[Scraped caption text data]
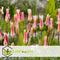Plant in a Box - Tulipa Clusiana Stellata - Bloembollen x20 - Tulp - Wit en Roze - Stervormig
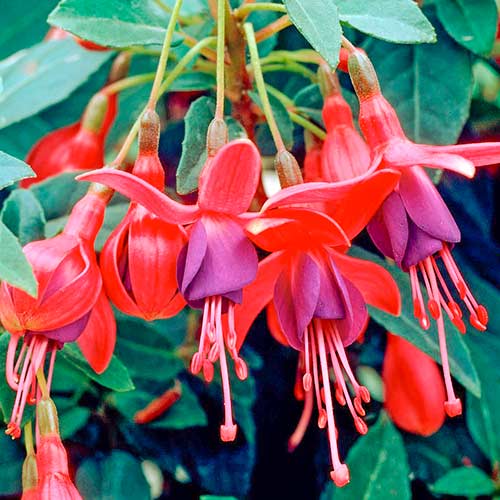 Fuchsie Tom Pouce interface.image 1 interface.art 5600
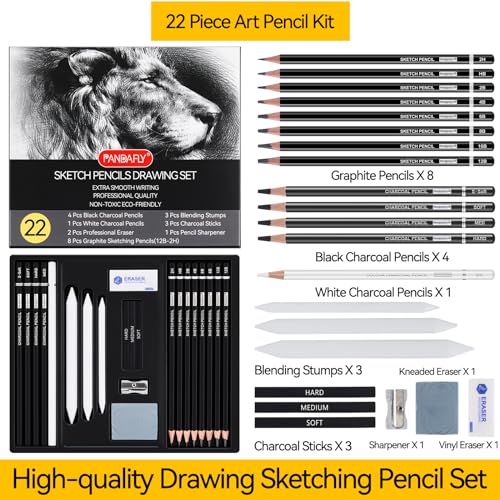 PANDAFLY Drawing Sketching Pencil Set, 22 Piece Pro Art Pencil Kit - Graphite Pencils (12B-2H), Black and White Charcoal Pencils, Charcoal Sticks, Stumps, Eraser, Sharpeners - Image 2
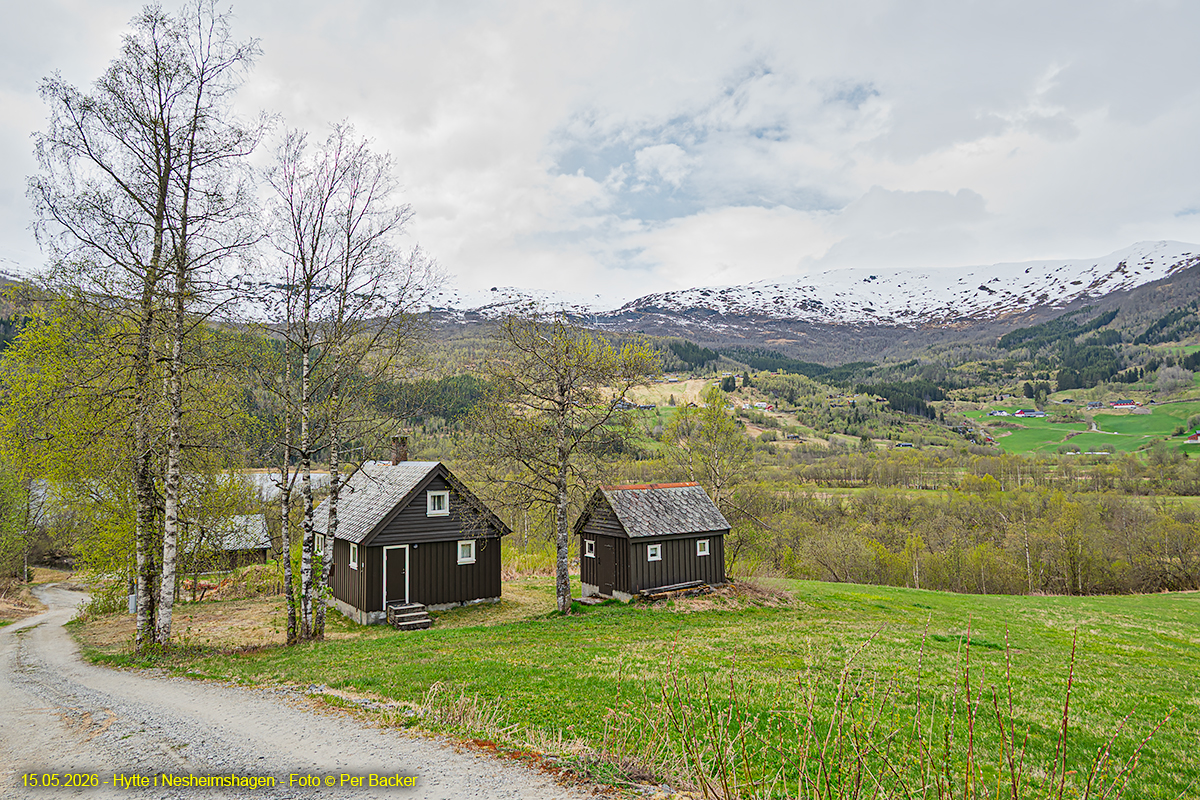 Hytte i Nesheimshagen
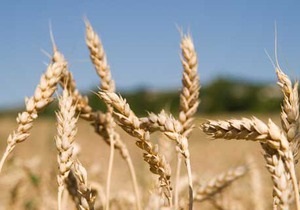Украинские аграрии завершили уборку зерновых культур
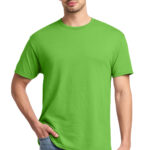29M_kiwi_model_front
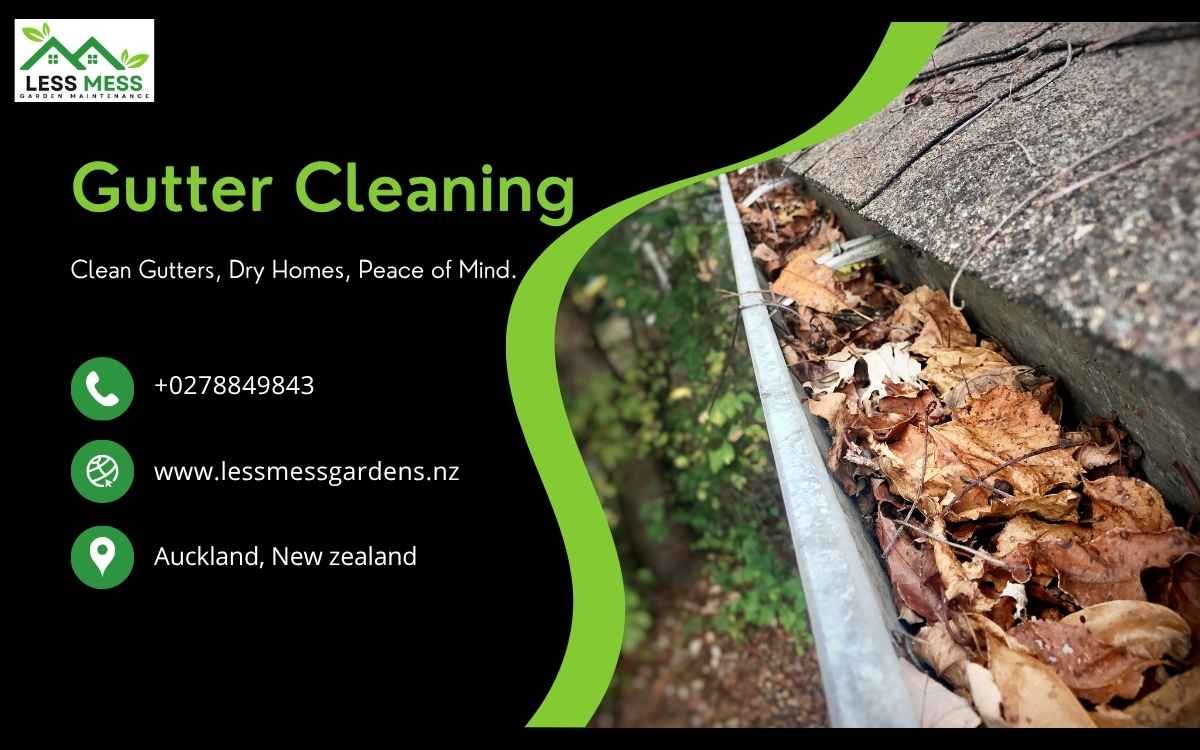 Gutter Cleaning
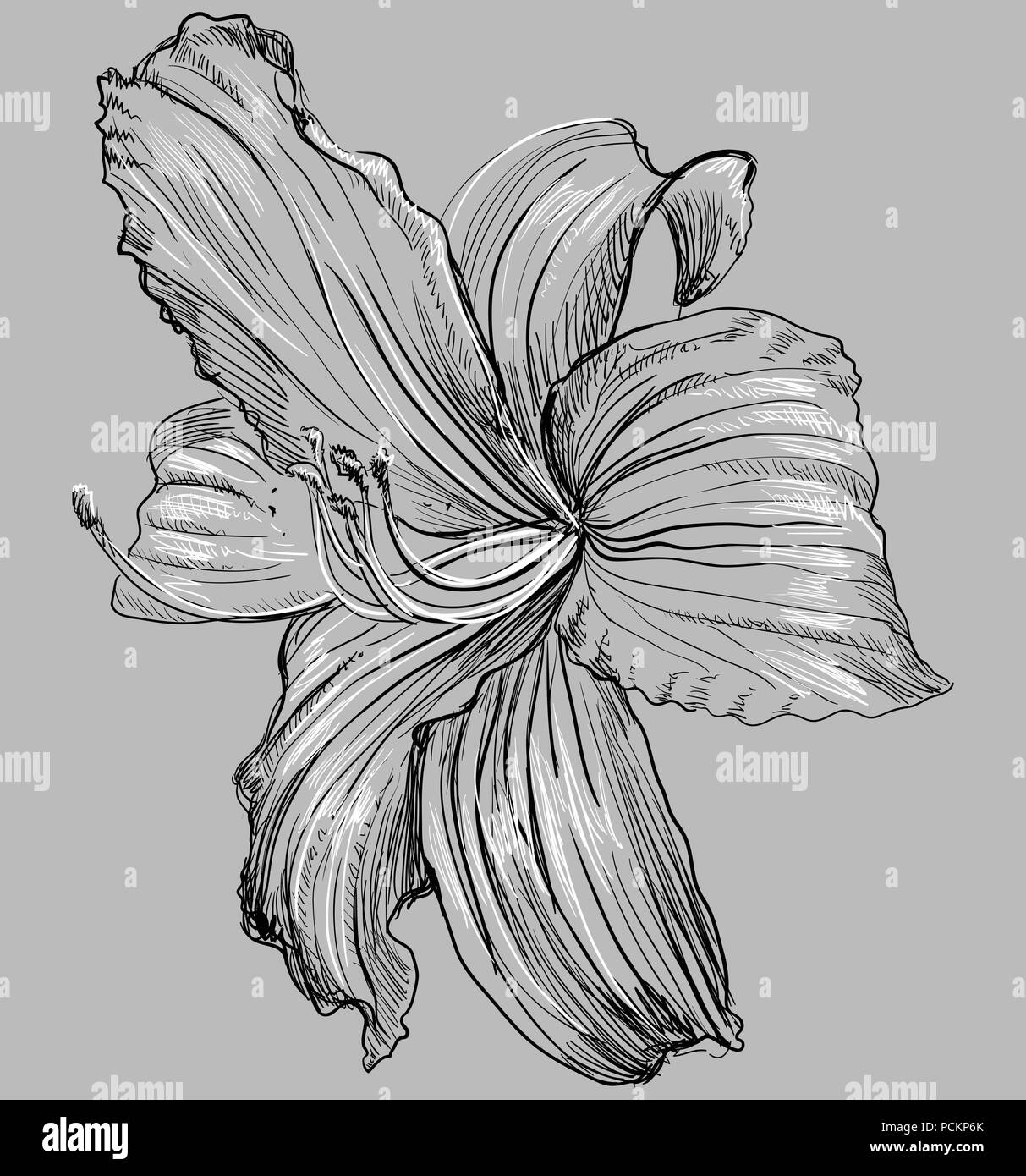 Lilium dessinés à la main, fleur. Vector illustration monochrome isolé sur fond gris. Illustration de Vecteur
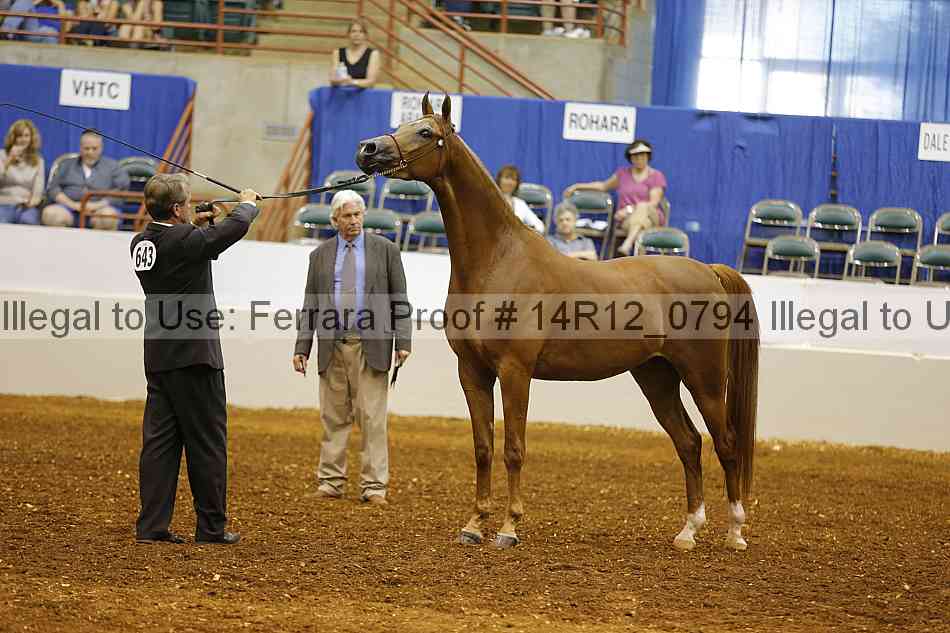 Proof 14r12_0794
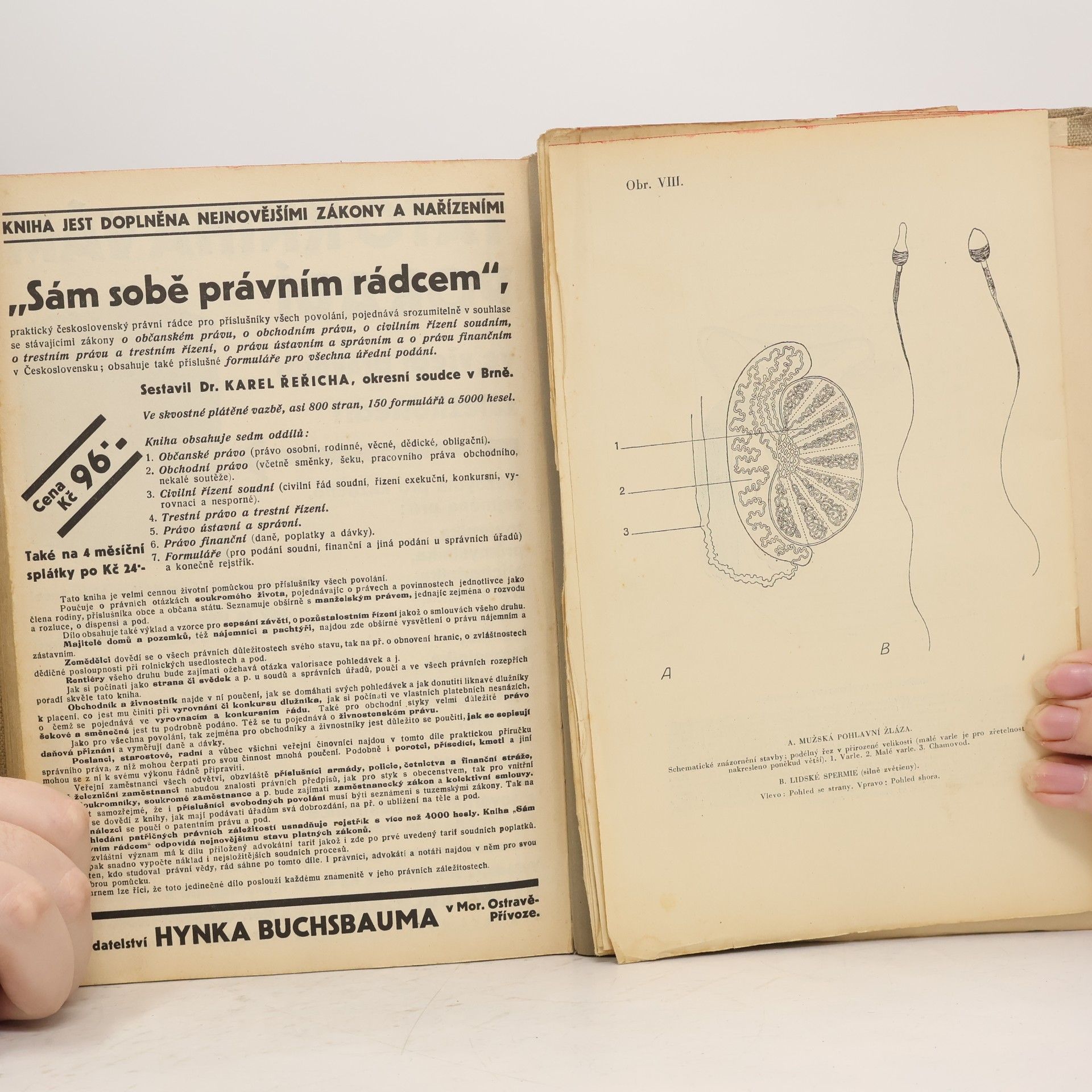 Theodor Hendrik van de Velde Dokonalé manželství. Studie o jeho fysiologii a technice
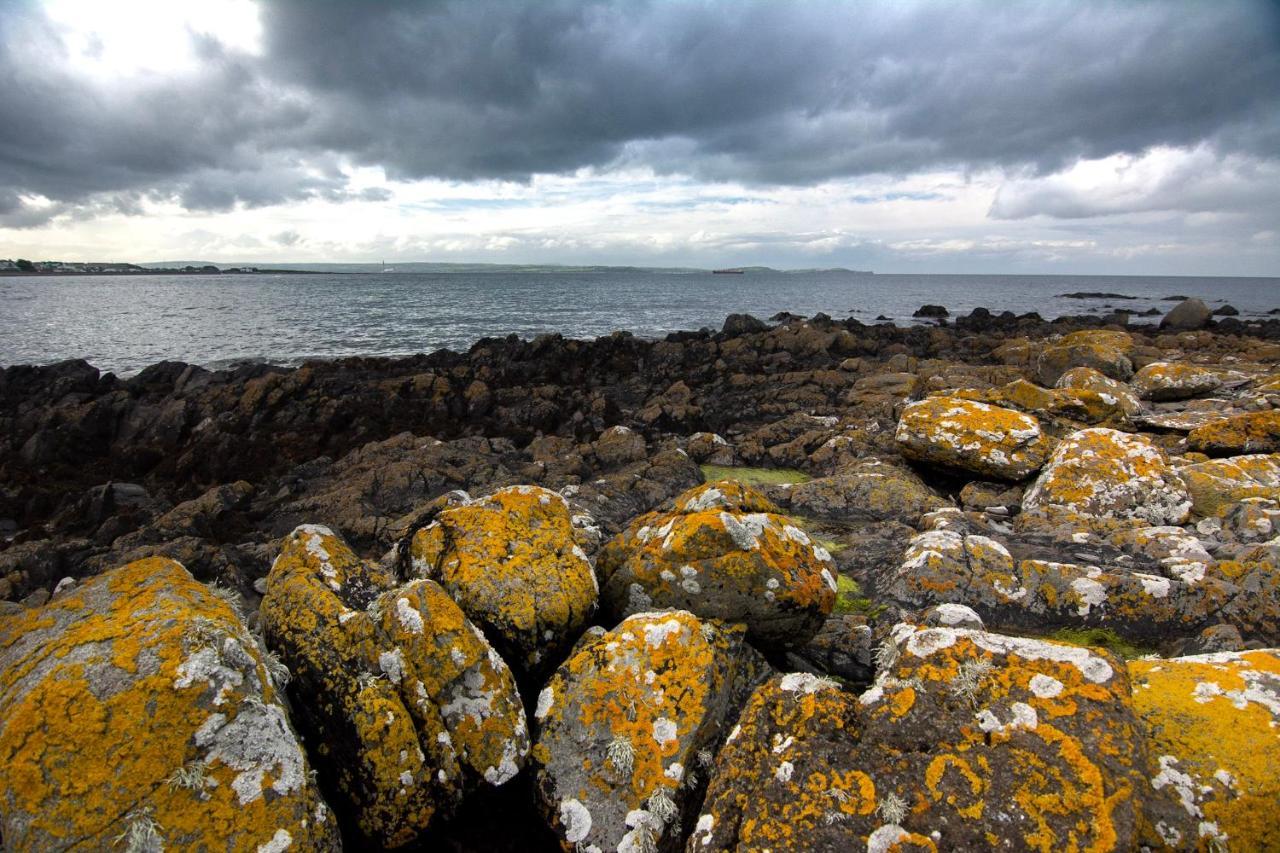 Tern Cottage Groomsport Exterior photo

WHAT THIS TASK INVOLVES
Your answer must be an exact copy of every entry, with the pictures left out.

YOUR SOLUTION
Plant in a Box - Tulipa Clusiana Stellata - Bloembollen x20 - Tulp - Wit en Roze - Stervormig
 Fuchsie Tom Pouce interface.image 1 interface.art 5600
 PANDAFLY Drawing Sketching Pencil Set, 22 Piece Pro Art Pencil Kit - Graphite Pencils (12B-2H), Black and White Charcoal Pencils, Charcoal Sticks, Stumps, Eraser, Sharpeners - Image 2
 Hytte i Nesheimshagen
Украинские аграрии завершили уборку зерновых культур
29M_kiwi_model_front
 Gutter Cleaning
 Lilium dessinés à la main, fleur. Vector illustration monochrome isolé sur fond gris. Illustration de Vecteur
 Proof 14r12_0794
 Theodor Hendrik van de Velde Dokonalé manželství. Studie o jeho fysiologii a technice
 Tern Cottage Groomsport Exterior photo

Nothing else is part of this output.